Él se tensó brevemente antes de que apartara a Mina de su lado.

No puedo permitir que se impronte en ella.

—Esperas a que esté a punto de curarla para hacer esa pregunta.

Es un poco tarde, ¿no crees?

Dale un poco de espacio para trabajar —dije, sentándola en una silla lejos de él.

Volví a la cama donde estaba Dradon.

—Sé lo que estás pensando.

Ella es intocable.

Si quieres algo por ayudar a Shawna, yo pagaré el precio —dije en un susurro.

Me miró con sus ojos brillando en un hermoso color iridiscente.

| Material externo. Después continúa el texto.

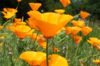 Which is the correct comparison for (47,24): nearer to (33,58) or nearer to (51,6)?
(33,58)

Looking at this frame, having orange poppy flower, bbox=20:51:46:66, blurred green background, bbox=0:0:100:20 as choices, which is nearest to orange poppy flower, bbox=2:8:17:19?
orange poppy flower, bbox=20:51:46:66

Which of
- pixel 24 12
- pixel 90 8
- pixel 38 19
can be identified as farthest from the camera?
pixel 90 8

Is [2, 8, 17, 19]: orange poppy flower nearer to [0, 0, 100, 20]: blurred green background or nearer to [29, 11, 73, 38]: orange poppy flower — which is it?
[29, 11, 73, 38]: orange poppy flower

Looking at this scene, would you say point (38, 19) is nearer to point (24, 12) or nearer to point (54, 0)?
point (24, 12)

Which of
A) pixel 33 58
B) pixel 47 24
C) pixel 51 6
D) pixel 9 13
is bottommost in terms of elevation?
pixel 51 6

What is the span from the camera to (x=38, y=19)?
351 mm

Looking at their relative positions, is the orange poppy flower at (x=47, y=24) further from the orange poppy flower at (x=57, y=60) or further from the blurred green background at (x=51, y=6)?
the blurred green background at (x=51, y=6)

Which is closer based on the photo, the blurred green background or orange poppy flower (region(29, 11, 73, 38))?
orange poppy flower (region(29, 11, 73, 38))

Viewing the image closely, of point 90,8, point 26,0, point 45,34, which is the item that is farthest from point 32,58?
point 90,8

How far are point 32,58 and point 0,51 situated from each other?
76 centimetres

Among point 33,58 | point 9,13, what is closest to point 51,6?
point 9,13

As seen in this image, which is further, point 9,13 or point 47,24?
point 9,13

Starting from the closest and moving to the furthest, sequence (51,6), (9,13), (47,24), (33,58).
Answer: (47,24)
(33,58)
(9,13)
(51,6)

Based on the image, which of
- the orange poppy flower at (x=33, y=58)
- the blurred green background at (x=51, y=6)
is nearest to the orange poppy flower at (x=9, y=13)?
the orange poppy flower at (x=33, y=58) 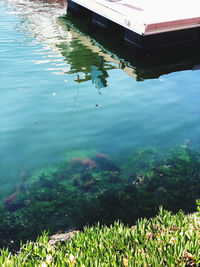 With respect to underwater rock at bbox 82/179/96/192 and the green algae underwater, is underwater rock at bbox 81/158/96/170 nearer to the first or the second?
the green algae underwater

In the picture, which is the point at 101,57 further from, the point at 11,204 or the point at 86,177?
the point at 11,204

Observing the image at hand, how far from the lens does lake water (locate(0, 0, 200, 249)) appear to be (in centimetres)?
487

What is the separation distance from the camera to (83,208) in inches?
187

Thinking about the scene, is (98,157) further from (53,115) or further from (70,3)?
(70,3)

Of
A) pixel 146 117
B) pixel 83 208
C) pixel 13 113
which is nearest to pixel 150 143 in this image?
pixel 146 117

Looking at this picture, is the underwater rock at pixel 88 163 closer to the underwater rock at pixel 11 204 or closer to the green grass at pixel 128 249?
the underwater rock at pixel 11 204

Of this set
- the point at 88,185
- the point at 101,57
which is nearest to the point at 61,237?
the point at 88,185

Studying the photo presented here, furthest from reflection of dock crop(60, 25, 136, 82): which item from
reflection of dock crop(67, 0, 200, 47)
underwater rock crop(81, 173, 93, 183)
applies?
underwater rock crop(81, 173, 93, 183)

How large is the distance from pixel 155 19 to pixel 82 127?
580 cm

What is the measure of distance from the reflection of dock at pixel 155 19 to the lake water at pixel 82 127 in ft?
2.90

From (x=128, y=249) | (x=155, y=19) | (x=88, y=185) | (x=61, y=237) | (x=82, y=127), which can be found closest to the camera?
(x=128, y=249)

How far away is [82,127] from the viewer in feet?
22.6

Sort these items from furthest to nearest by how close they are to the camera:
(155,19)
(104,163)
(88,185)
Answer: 1. (155,19)
2. (104,163)
3. (88,185)

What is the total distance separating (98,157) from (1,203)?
6.62ft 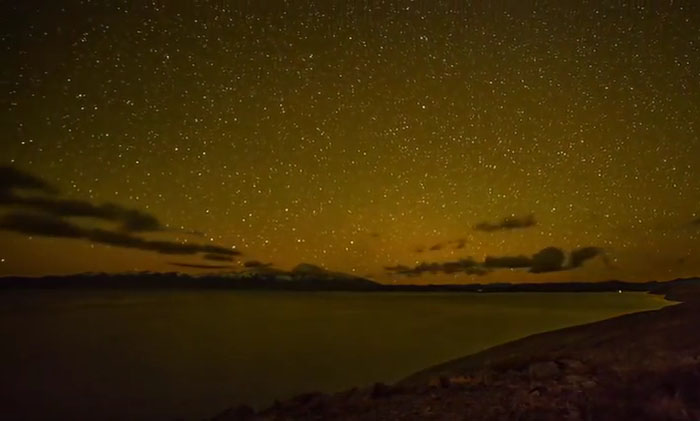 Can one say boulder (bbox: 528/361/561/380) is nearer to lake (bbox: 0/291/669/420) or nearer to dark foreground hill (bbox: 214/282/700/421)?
dark foreground hill (bbox: 214/282/700/421)

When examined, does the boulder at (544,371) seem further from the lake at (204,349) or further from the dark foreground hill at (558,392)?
the lake at (204,349)

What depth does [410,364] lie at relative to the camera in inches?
955

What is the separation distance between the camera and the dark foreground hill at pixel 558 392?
9.79 m

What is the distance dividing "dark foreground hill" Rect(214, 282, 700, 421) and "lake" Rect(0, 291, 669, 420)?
7.34 m

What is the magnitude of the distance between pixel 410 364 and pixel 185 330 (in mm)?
19132

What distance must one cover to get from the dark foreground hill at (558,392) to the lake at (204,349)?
7338mm

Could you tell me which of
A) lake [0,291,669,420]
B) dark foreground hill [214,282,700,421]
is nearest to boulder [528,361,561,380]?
dark foreground hill [214,282,700,421]

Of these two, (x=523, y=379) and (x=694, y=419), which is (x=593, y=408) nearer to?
(x=694, y=419)

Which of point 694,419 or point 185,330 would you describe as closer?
point 694,419

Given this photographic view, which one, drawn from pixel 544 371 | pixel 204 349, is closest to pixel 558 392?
pixel 544 371

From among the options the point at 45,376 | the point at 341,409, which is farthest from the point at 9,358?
the point at 341,409

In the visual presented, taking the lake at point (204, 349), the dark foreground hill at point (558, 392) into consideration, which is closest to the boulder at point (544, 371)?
the dark foreground hill at point (558, 392)

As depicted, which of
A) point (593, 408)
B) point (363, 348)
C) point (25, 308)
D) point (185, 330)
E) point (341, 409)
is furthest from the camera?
point (25, 308)

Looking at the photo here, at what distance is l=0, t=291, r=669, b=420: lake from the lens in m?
21.8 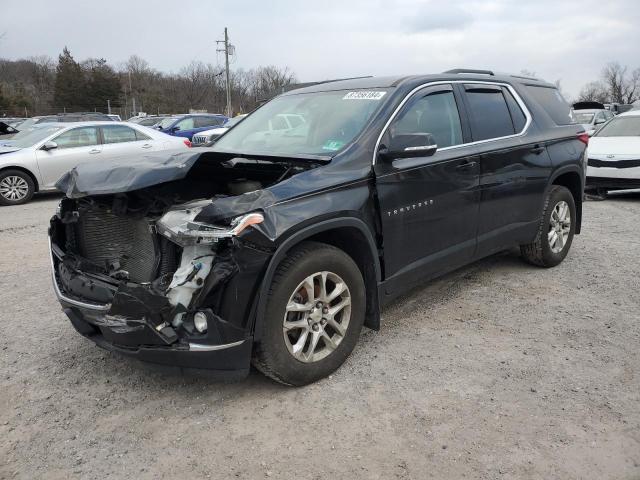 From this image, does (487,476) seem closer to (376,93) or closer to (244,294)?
(244,294)

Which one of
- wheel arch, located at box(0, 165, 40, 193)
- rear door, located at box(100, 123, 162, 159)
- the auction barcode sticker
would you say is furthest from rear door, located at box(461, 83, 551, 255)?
wheel arch, located at box(0, 165, 40, 193)

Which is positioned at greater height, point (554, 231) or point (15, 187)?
point (15, 187)

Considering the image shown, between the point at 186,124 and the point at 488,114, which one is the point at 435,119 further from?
the point at 186,124

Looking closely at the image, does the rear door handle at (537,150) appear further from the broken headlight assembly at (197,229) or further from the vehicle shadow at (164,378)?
the broken headlight assembly at (197,229)

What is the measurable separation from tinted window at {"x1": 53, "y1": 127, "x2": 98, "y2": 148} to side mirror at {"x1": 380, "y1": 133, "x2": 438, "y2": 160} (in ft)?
29.5

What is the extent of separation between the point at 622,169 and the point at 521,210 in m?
5.91

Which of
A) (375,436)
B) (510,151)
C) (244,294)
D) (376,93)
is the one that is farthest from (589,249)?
(244,294)

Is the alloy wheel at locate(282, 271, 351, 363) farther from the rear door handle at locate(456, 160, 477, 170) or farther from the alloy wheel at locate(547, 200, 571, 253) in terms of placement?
the alloy wheel at locate(547, 200, 571, 253)

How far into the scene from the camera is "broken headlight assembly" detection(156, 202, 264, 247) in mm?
2717

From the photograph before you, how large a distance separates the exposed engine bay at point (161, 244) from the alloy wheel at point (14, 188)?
7897 mm

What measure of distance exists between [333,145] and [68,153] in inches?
343

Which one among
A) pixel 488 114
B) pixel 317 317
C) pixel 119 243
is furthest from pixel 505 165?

De su boca salía un humo blanco puro, como nieve que brilla, que fluía directamente hacia las heridas de Shawna y entraba por su boca y nariz.

—¿De verdad?

¿Tanto significan para ti estas mujeres humanas como para endeudarte con un cambiador dragón, los mismos cambiadores de los que huiste?

—preguntó él con una ceja levantada.

—Sí.

Son mi familia.

Moriría por ellas como ellas lo harían por mí —dije con seguridad.

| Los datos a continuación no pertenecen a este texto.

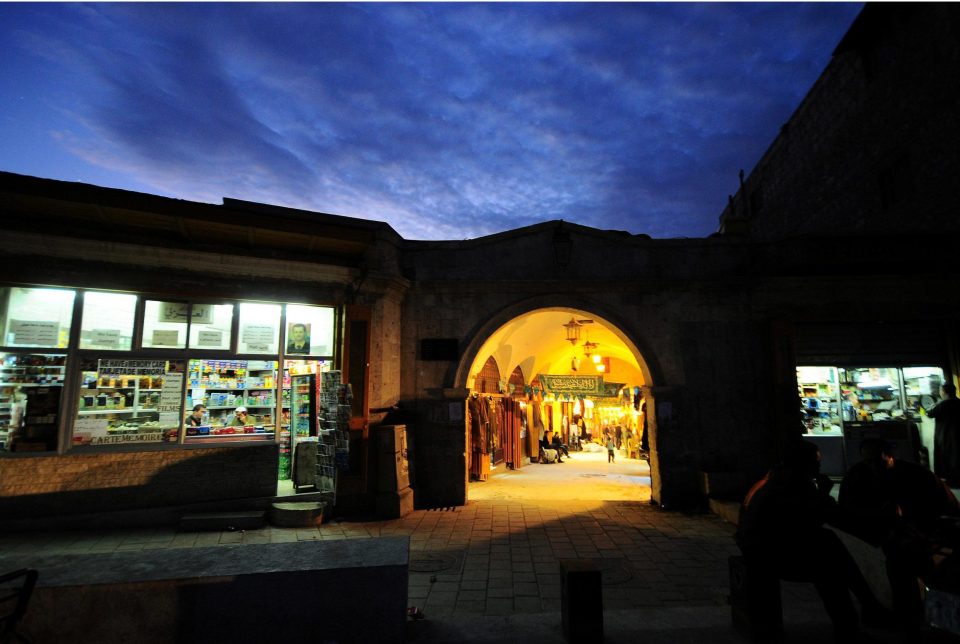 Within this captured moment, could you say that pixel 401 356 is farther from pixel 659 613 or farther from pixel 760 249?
pixel 760 249

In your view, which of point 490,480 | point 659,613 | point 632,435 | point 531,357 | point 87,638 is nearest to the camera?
point 87,638

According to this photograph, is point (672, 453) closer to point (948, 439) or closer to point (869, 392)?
point (948, 439)

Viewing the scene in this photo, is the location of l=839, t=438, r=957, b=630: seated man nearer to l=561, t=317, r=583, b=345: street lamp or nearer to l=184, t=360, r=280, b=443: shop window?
l=184, t=360, r=280, b=443: shop window

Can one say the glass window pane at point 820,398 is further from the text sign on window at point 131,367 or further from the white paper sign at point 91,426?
the white paper sign at point 91,426

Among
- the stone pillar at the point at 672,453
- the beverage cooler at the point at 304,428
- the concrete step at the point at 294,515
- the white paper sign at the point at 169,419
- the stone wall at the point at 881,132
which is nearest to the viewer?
the concrete step at the point at 294,515

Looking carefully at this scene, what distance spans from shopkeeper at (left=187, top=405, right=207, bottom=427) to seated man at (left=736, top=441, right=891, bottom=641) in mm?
8070

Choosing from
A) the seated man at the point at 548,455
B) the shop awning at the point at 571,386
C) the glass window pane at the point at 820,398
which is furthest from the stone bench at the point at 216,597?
the seated man at the point at 548,455

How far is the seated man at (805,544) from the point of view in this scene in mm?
3578

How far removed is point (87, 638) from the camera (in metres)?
3.09

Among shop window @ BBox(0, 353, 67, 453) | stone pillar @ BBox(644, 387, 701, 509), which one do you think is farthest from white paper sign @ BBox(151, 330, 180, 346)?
stone pillar @ BBox(644, 387, 701, 509)

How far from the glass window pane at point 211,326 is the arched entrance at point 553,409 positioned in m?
4.40

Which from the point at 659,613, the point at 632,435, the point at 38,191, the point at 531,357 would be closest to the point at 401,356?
the point at 38,191

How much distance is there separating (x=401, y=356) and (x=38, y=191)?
20.0 feet

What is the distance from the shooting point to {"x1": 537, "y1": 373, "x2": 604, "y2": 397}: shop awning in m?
17.3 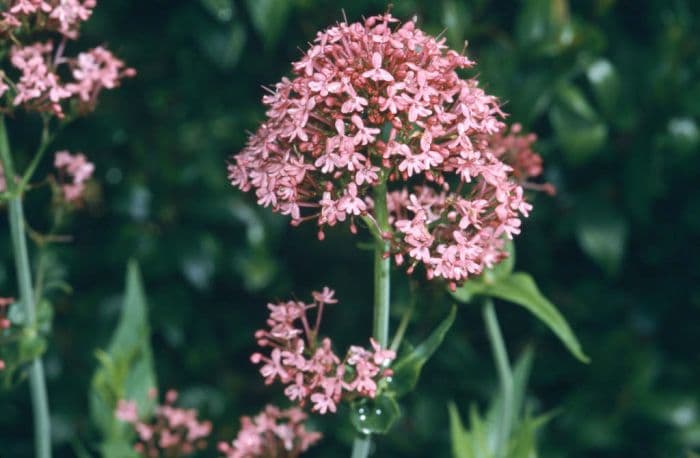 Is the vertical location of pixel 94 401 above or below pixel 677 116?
below

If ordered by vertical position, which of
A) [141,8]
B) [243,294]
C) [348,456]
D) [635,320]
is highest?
[141,8]

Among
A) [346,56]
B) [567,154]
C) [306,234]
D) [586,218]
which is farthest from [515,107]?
[346,56]

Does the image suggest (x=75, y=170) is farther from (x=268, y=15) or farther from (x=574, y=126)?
(x=574, y=126)

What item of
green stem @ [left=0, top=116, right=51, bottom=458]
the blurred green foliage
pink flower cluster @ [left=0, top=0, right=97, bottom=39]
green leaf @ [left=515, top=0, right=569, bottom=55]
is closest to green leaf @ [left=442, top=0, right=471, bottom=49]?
the blurred green foliage

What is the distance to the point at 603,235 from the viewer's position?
8.91ft

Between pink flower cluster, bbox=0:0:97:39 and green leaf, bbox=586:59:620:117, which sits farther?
green leaf, bbox=586:59:620:117

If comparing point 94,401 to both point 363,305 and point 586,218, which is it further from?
point 586,218

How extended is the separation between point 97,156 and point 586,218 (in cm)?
133

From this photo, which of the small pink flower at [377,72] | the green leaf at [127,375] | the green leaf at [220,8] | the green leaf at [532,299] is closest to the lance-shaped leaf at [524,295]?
the green leaf at [532,299]

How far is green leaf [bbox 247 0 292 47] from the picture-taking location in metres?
2.47

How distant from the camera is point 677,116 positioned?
262 cm

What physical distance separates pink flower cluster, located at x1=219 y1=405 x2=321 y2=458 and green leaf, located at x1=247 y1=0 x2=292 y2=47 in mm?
1031

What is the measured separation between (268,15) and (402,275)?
0.77 meters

—Nosotros somos tu familia, Lynndoria, somos de la misma sangre y tenemos un juramento de sangre que conecta nuestra propia alma con el Dragón Dorado, y tú lo tiraste todo por la borda por estas… estas humanas —dijo Kat, acercándose a mí enfadada.

No necesité mirar atrás para saber que Ji’lahni y Mina ya estaban de pie, con sus cuchillos fuera y listas.

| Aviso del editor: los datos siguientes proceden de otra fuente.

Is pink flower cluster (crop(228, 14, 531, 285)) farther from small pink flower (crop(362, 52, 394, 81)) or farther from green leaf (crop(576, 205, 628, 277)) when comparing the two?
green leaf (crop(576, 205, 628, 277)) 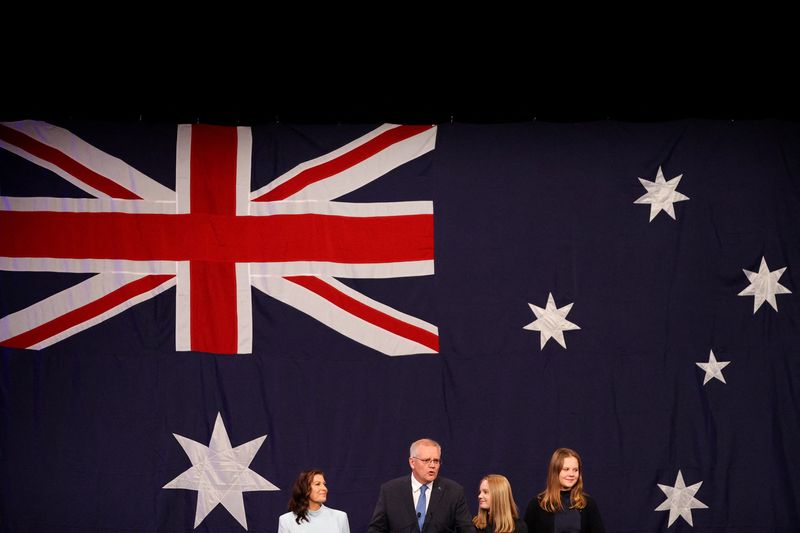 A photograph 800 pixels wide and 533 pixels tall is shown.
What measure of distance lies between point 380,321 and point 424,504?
230 cm

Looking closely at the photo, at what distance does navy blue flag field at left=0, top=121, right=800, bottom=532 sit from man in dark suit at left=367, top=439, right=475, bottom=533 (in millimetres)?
1979

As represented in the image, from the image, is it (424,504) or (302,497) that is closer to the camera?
(424,504)

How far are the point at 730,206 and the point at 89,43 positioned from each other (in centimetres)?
518

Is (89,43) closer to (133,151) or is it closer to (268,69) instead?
(133,151)

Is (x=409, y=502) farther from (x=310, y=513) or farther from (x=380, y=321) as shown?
(x=380, y=321)

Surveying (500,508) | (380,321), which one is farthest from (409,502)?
(380,321)

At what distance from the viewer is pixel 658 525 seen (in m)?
7.62

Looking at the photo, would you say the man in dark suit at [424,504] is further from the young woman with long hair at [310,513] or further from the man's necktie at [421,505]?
the young woman with long hair at [310,513]

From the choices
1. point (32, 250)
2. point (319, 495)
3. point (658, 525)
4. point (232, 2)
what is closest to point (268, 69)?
point (232, 2)

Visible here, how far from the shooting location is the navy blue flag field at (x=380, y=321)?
25.1ft

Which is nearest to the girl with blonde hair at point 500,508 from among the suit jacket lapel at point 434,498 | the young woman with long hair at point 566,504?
the young woman with long hair at point 566,504

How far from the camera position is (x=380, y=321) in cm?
777

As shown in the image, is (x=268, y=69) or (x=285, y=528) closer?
(x=285, y=528)

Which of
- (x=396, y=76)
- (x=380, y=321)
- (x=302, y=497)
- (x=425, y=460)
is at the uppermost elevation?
(x=396, y=76)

Levanté la mano para hacerles saber que estaba bien y que yo me encargaba.

Pero sabía que no se moverían y que permanecerían alerta por si acaso.

Por eso las amaba y por eso son mi familia.

—Katalynia, puede que estemos conectadas por sangre, pero no somos familia.

Nunca lo hemos sido.

Todo lo que tú y Maxinis me hicisteis no es lo que se supone que hacen las familias, y tengo que agradecerles a ellas por enseñármelo.

No lo tiré todo por la borda.

Tú y Maxinis lo convertisteis en un infierno en el que no podía quedarme y mantener la cordura al mismo tiempo —dije enfadada—.

Ya no éramos niñas y los ancianos no estaban aquí para protegerlas de mí, y ella lo sabe, así que no me preocupaba que me atacara.

Miró a Dradon, que seguía trabajando en Shawna; su color estaba volviendo.

Parecía viva de nuevo.

—¿Cuánto más va a tardar esto, cariño?

Tenemos que salir de aquí antes de que los escudos desaparezcan.

La miré con los ojos como platos.

—¿Un escudo?

¿Por qué habéis levantado un escudo?

Le estáis faltando el respeto al Alfa de esta manada, deberías saberlo mejor.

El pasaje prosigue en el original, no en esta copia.